In all, the knock-on from childhood mental ill health costs employers £24bn a year in future lost productivity, and a staggering £1tr in individual lost earnings.

The cost of deteriorating mental health between a young people’s referral and them receiving support is now £295m a year, it added.

The ongoing lack of capacity in the system means too many young people reach crisis point, putting pressure on emergency, urgent and crisis services, straining bed capacity, and creating enormous waiting times.

The costs of persistent absence from school – which has mirrored the rise in mental ill health – were £1.17bn in the 2023/24 school year, the campaign added.

Future Minds is calling for increased investment in mental health support so that 70% of diagnosable need is met by mental health services by the end of this Parliament.

It has also urged greater investment in community services, such as mental health support teams and open-access hubs that intervene early and prevent mental health problems from worsening.
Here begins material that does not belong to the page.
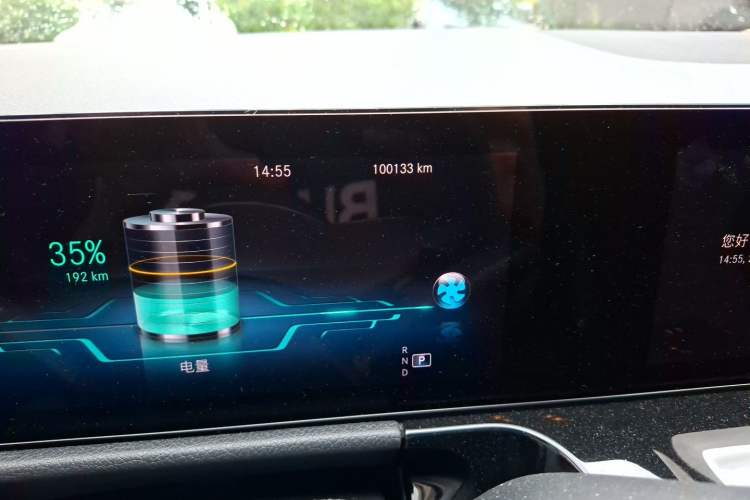 Used Mercedes-Benz EQA 2023-Year Restyled EQA 260 Odometer Close Up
Andy Bell, chief executive of the Centre for Mental Health, said: “Mental health difficulties in children and young people cast a long shadow that can last a lifetime without the right support.

“Yet children and young people’s services are underfunded, and levels of distress are rising markedly, leaving many thousands of children facing unacceptably long waiting times for support.

“The risks and gaps are biggest for the most disadvantaged and marginalised groups of young people.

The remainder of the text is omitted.